What you will do
Please reproduce the lines of the records below from the one holding "Dame ring med stjerner D2044 3" through the one holding "Faber-Castell Grip Plus", inclusive, skipping all pictures.

Data to examine
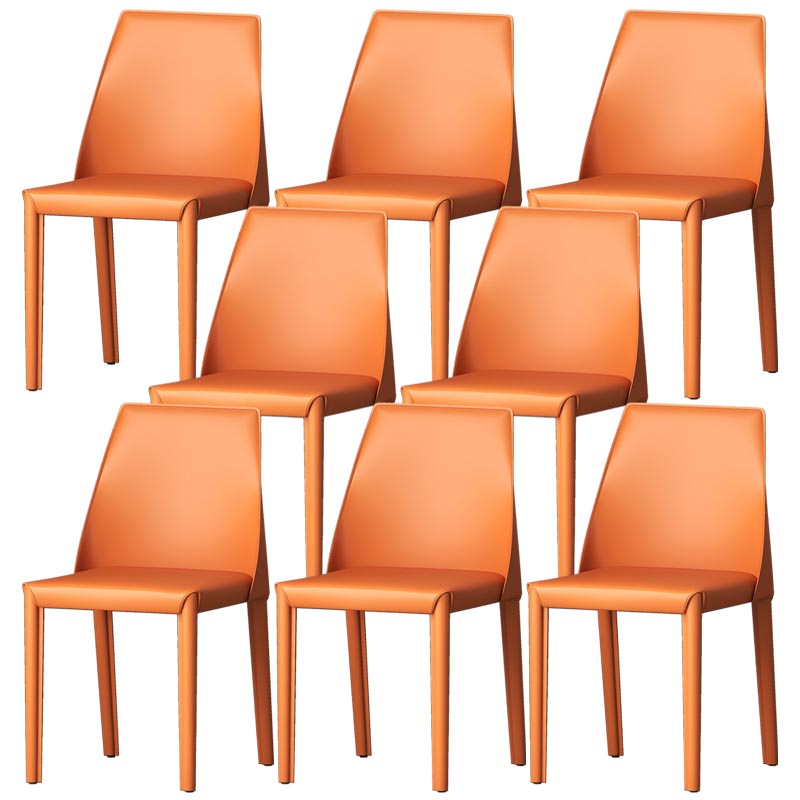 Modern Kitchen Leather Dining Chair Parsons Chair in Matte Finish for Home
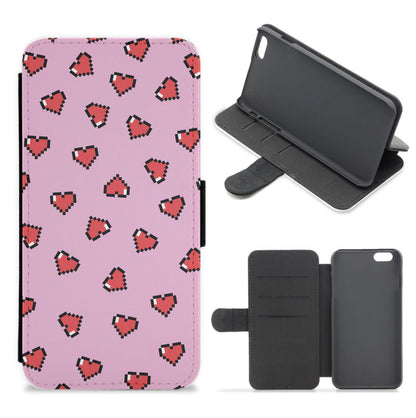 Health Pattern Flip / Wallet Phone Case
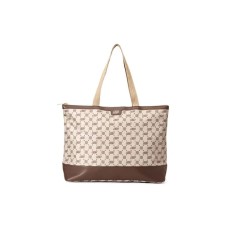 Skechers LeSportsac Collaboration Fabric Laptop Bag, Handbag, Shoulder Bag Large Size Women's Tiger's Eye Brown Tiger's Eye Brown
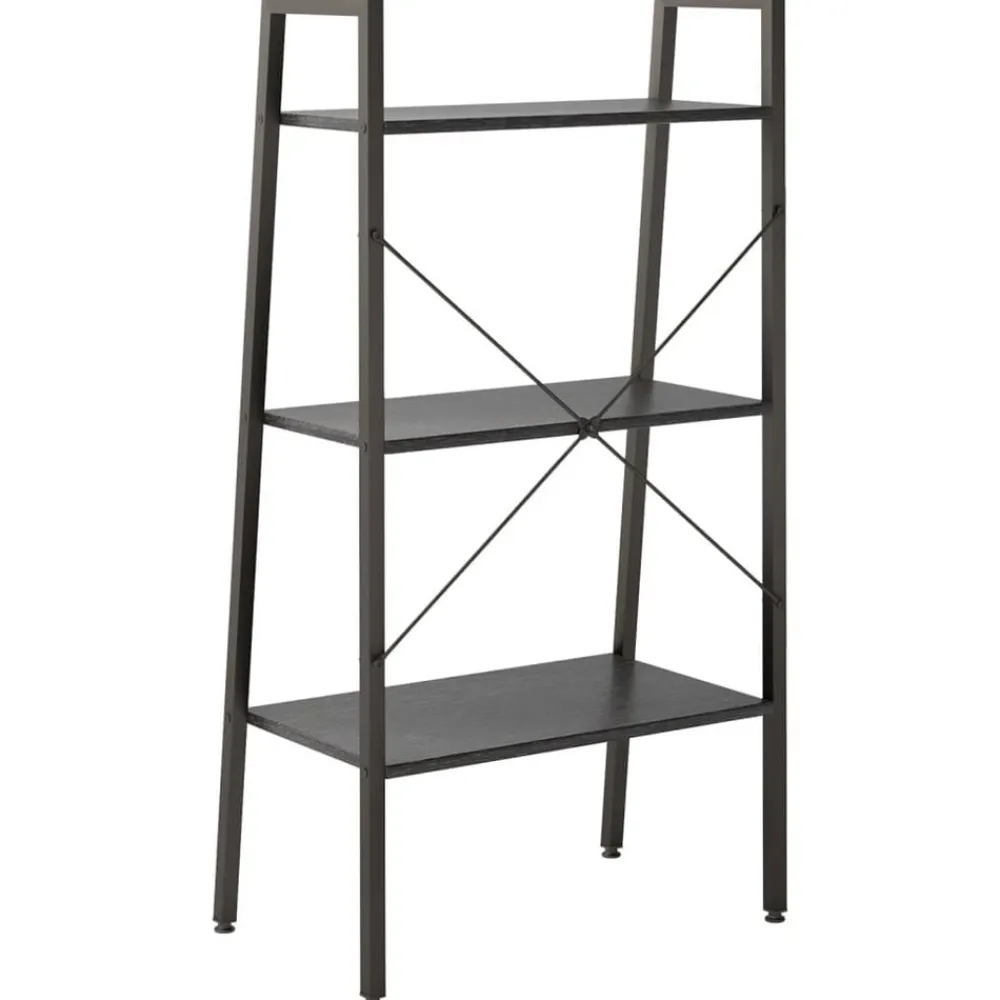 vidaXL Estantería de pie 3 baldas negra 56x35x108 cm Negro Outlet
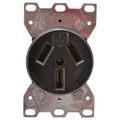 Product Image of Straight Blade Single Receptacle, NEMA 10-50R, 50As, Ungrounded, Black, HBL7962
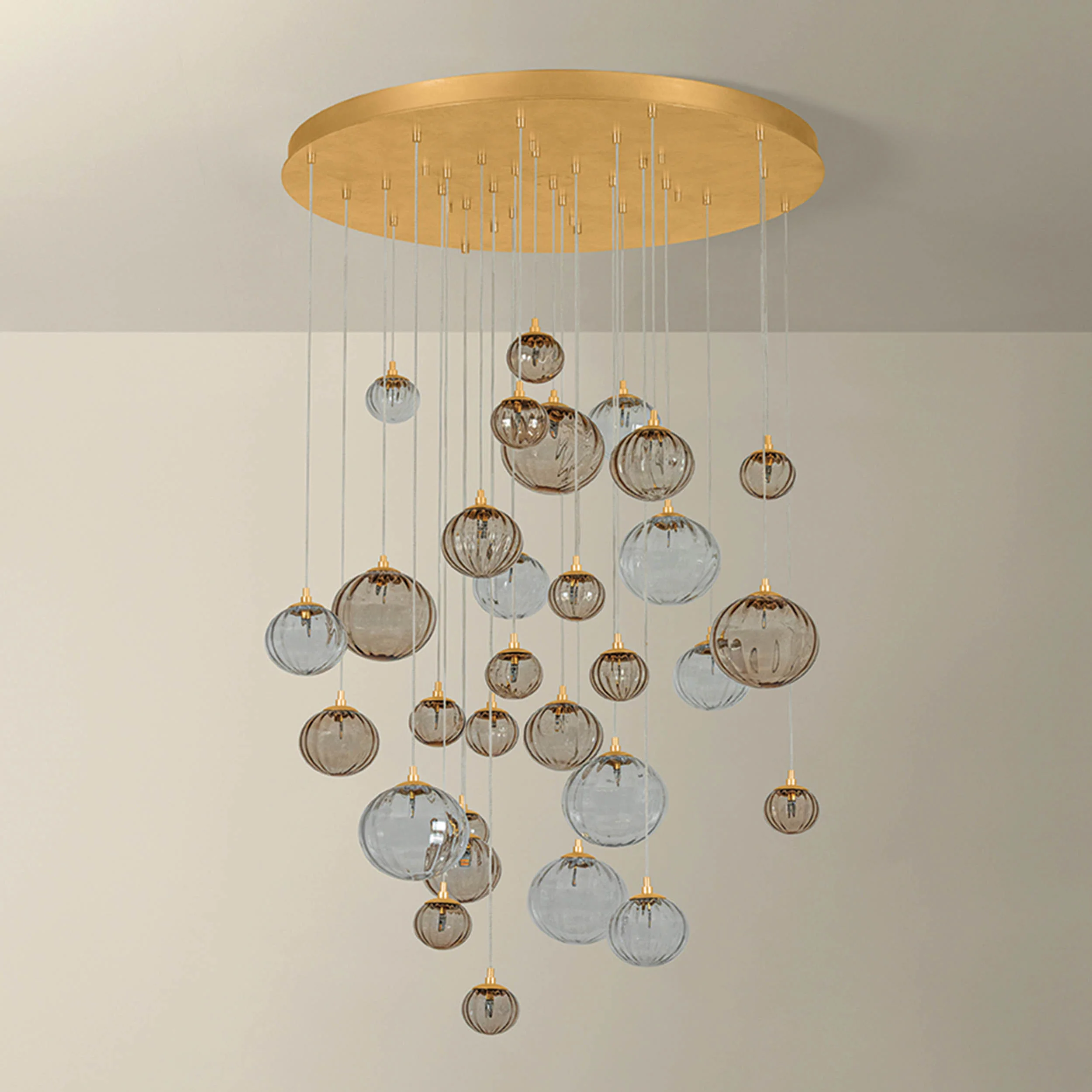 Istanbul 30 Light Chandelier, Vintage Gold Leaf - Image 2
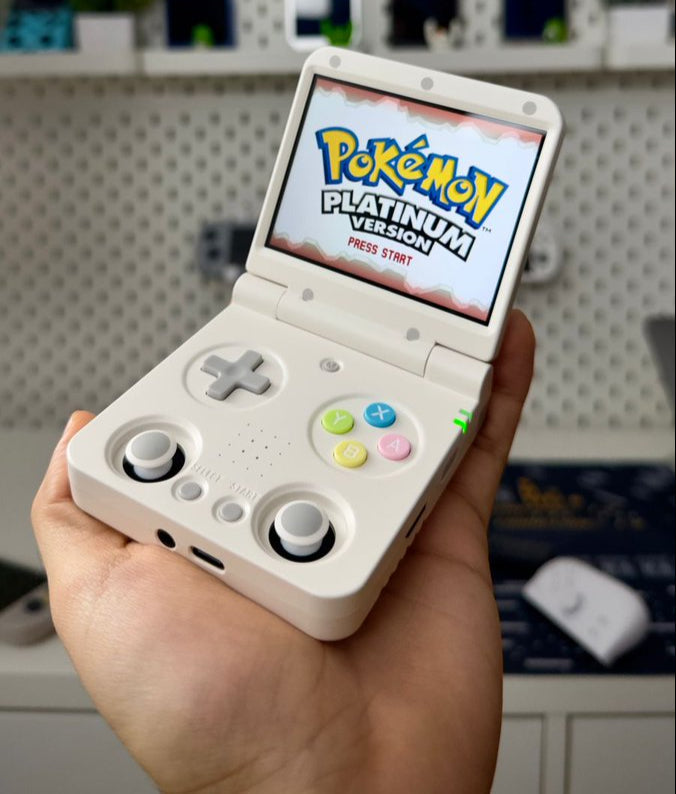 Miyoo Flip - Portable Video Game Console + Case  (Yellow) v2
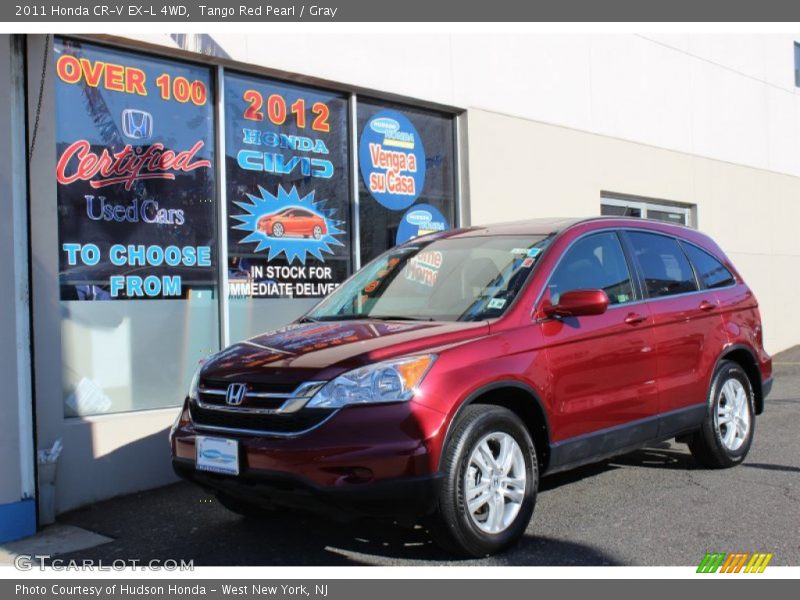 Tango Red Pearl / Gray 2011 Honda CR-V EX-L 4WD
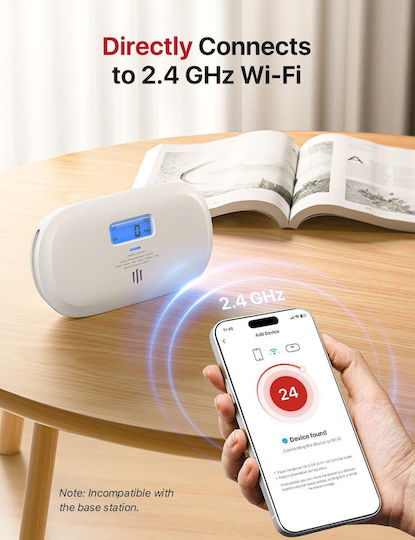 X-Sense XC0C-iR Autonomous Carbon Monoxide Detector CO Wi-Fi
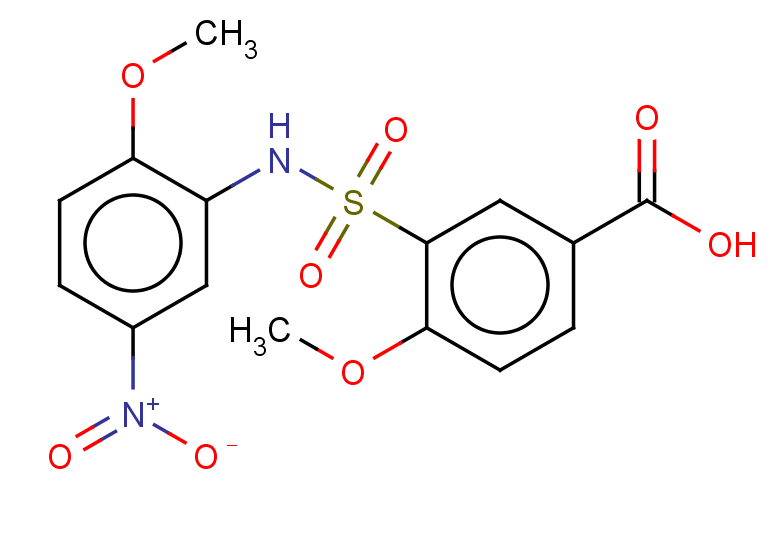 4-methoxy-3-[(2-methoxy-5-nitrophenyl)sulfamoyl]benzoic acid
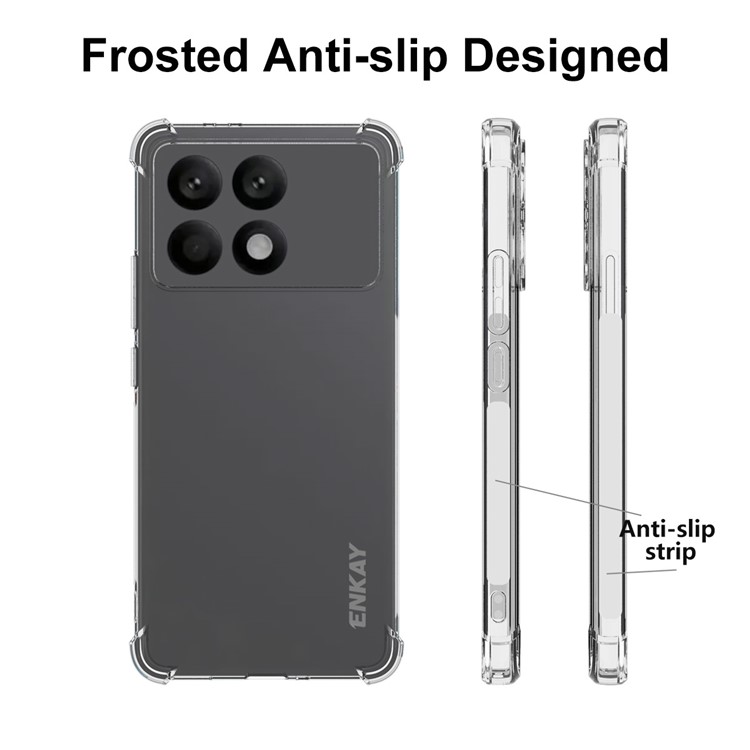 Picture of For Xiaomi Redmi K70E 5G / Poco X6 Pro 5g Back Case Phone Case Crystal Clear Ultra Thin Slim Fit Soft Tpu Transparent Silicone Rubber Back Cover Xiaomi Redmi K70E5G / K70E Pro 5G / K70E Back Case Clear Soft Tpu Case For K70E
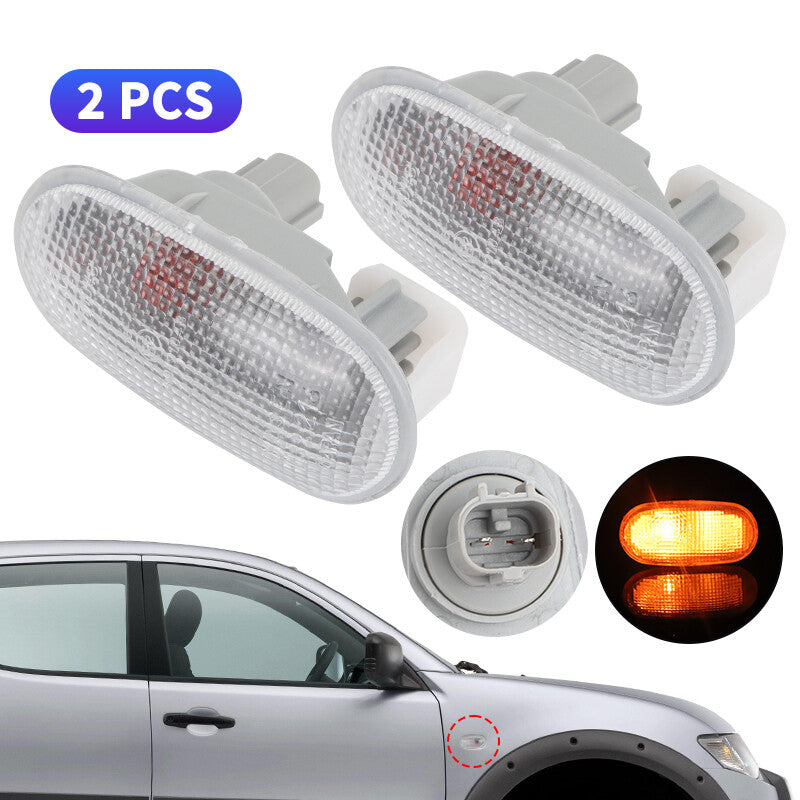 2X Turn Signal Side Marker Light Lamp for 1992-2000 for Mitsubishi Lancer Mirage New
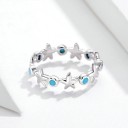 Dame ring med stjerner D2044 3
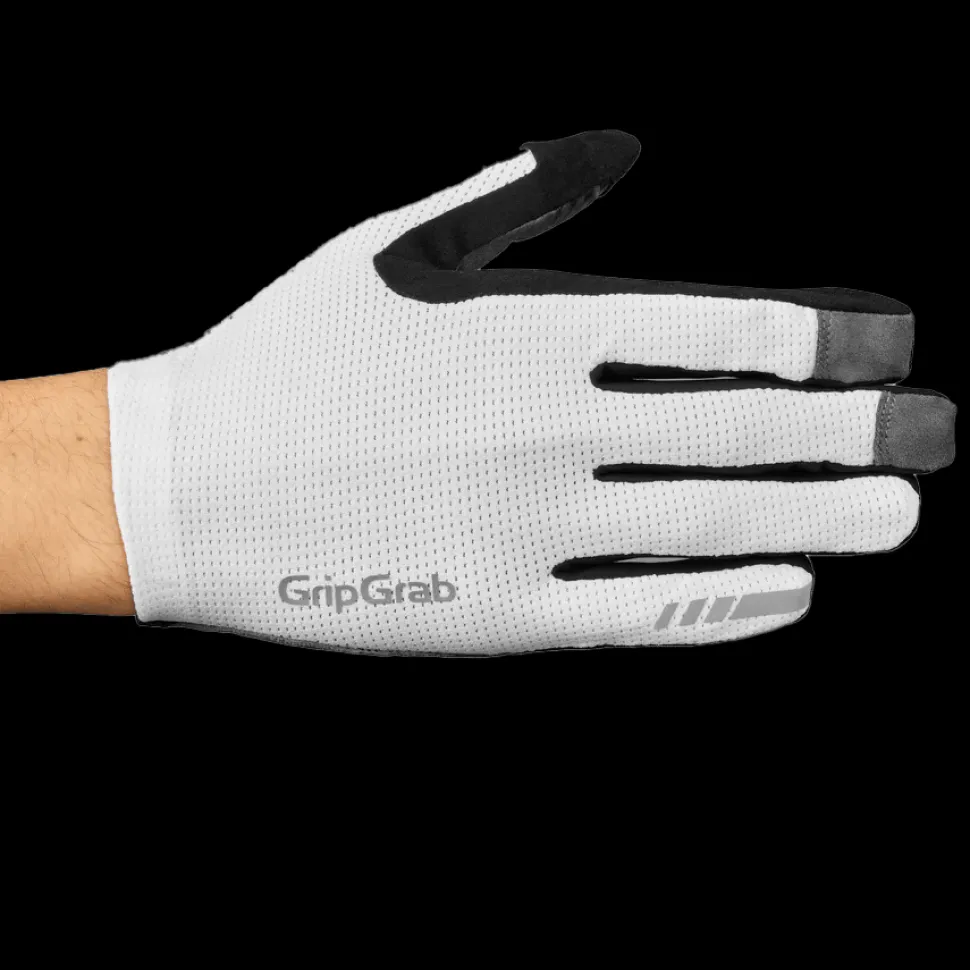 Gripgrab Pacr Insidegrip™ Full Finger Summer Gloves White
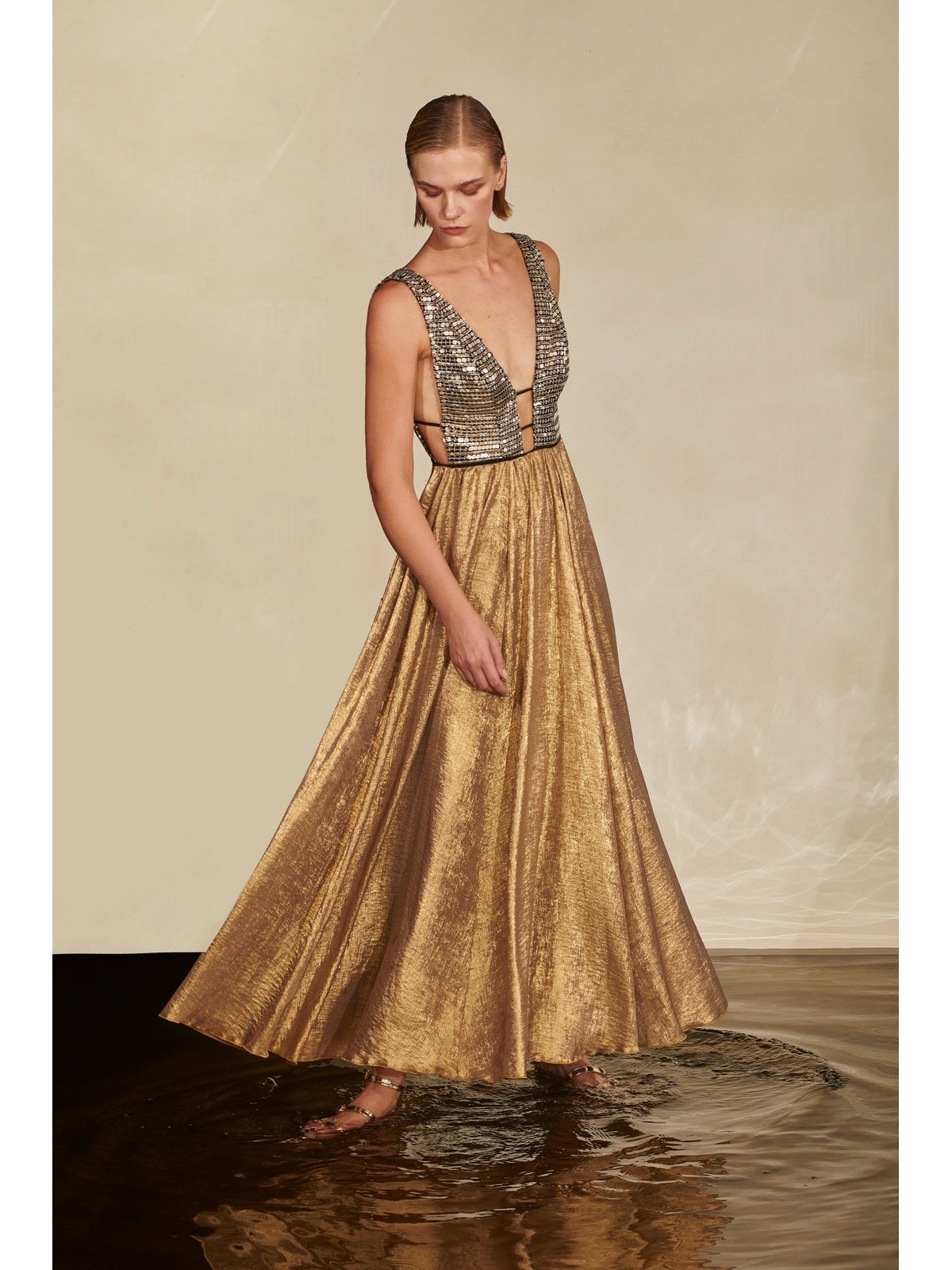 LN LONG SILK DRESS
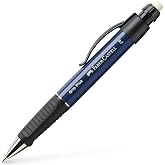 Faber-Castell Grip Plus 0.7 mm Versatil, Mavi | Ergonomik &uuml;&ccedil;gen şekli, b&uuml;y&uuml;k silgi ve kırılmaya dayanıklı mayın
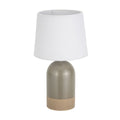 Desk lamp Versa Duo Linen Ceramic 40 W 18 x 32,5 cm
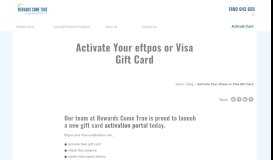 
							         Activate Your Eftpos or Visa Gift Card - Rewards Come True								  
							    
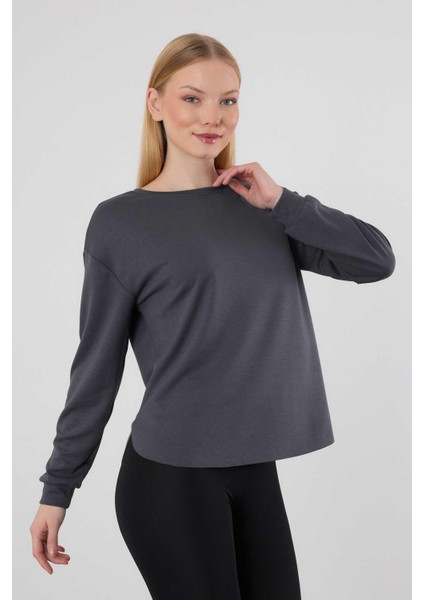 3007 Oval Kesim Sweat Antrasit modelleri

Expected answer
 Dame ring med stjerner D2044 3
 Gripgrab Pacr Insidegrip™ Full Finger Summer Gloves White
 LN LONG SILK DRESS
 Faber-Castell Grip Plus 0.7 mm Versatil, Mavi | Ergonomik &uuml;&ccedil;gen şekli, b&uuml;y&uuml;k silgi ve kırılmaya dayanıklı mayın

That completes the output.